> [Input data]
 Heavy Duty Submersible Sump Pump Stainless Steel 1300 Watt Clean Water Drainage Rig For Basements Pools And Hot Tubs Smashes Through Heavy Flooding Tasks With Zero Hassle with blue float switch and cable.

* * *

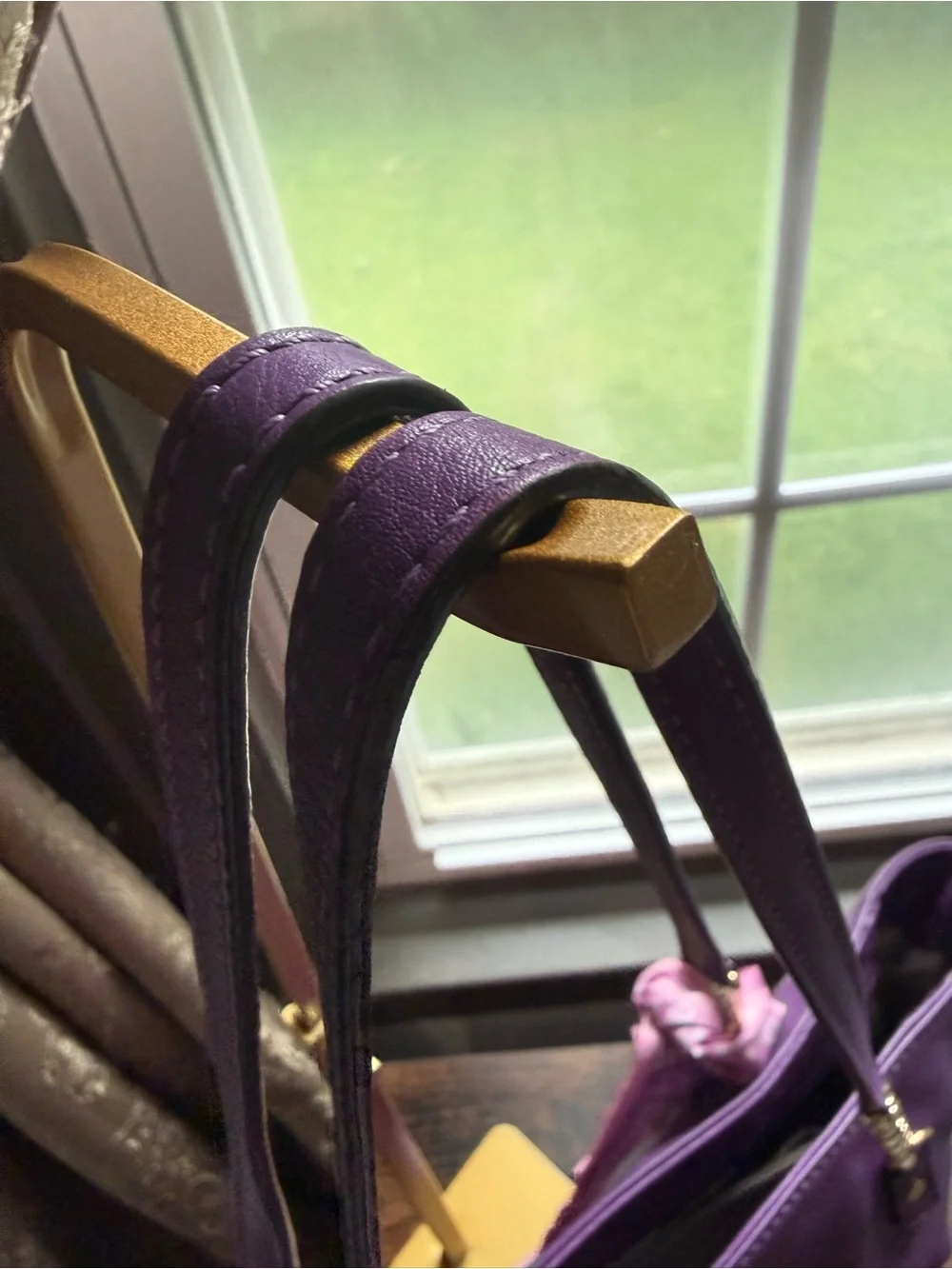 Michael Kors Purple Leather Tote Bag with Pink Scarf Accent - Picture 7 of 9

* * *

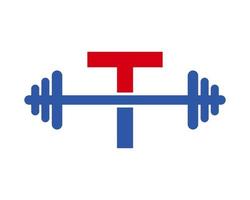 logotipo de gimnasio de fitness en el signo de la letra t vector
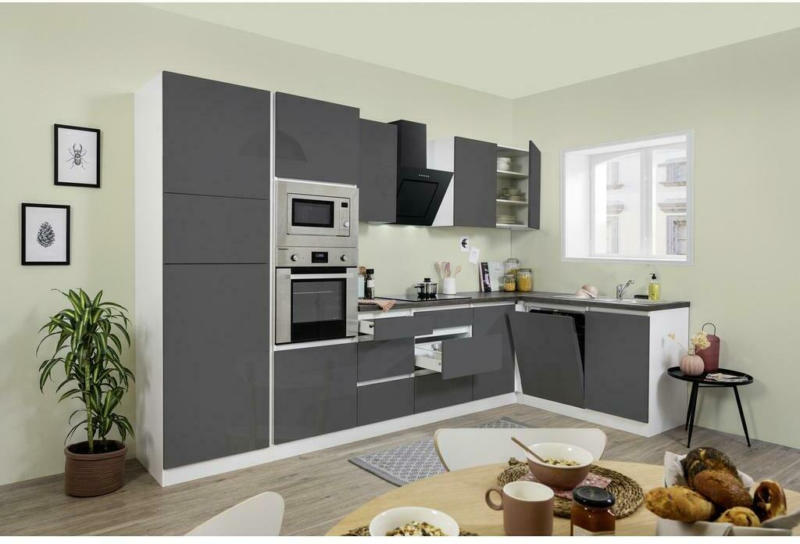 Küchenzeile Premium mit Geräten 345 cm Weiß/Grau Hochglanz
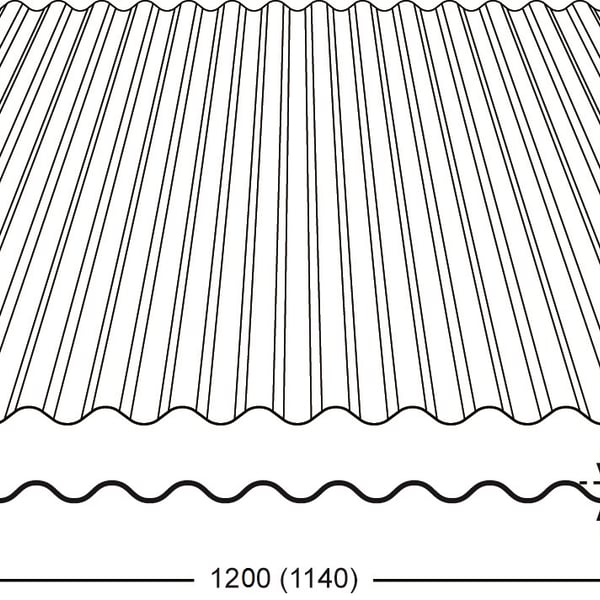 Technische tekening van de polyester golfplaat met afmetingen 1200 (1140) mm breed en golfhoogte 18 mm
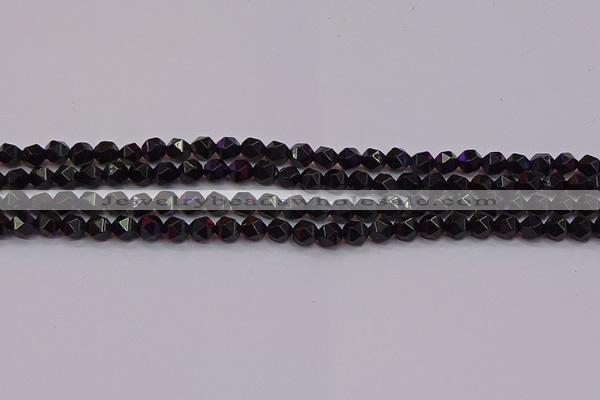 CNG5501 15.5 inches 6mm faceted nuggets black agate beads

> [Work order] Quote the data above exactly from the line with "Technische tekening van" to the line with "CNG5501 15.5 inches", both ends counted, and nothing else. Pictures don't go in.

> [Solution for this exercise]
 Technische tekening van de polyester golfplaat met afmetingen 1200 (1140) mm breed en golfhoogte 18 mm
 CNG5501 15.5 inches 6mm faceted nuggets black agate beads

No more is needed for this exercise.